*** ENTRIES SUPPLIED ***

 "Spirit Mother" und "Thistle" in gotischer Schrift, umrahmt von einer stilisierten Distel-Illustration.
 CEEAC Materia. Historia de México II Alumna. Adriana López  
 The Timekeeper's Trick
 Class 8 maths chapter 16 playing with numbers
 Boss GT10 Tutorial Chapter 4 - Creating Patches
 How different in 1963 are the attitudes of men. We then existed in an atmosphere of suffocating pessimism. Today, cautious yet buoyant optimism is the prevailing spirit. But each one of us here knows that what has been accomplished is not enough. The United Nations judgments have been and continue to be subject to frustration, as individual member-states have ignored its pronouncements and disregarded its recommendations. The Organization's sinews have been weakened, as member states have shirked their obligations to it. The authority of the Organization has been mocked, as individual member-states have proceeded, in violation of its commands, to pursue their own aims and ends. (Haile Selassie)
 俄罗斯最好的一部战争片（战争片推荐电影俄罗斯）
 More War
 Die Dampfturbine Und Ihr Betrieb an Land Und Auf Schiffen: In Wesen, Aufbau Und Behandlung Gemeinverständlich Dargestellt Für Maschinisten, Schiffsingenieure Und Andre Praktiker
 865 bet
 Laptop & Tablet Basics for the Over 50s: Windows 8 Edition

***

### INSTRUCTIONS TO FOLLOW
Your reply should be every line of the material, transcribed exactly.

### ANSWER TO THIS PROBLEM
 "Spirit Mother" und "Thistle" in gotischer Schrift, umrahmt von einer stilisierten Distel-Illustration.
 CEEAC Materia. Historia de México II Alumna. Adriana López  
 The Timekeeper's Trick
 Class 8 maths chapter 16 playing with numbers
 Boss GT10 Tutorial Chapter 4 - Creating Patches
 How different in 1963 are the attitudes of men. We then existed in an atmosphere of suffocating pessimism. Today, cautious yet buoyant optimism is the prevailing spirit. But each one of us here knows that what has been accomplished is not enough. The United Nations judgments have been and continue to be subject to frustration, as individual member-states have ignored its pronouncements and disregarded its recommendations. The Organization's sinews have been weakened, as member states have shirked their obligations to it. The authority of the Organization has been mocked, as individual member-states have proceeded, in violation of its commands, to pursue their own aims and ends. (Haile Selassie)
 俄罗斯最好的一部战争片（战争片推荐电影俄罗斯）
 More War
 Die Dampfturbine Und Ihr Betrieb an Land Und Auf Schiffen: In Wesen, Aufbau Und Behandlung Gemeinverständlich Dargestellt Für Maschinisten, Schiffsingenieure Und Andre Praktiker
 865 bet
 Laptop & Tablet Basics for the Over 50s: Windows 8 Edition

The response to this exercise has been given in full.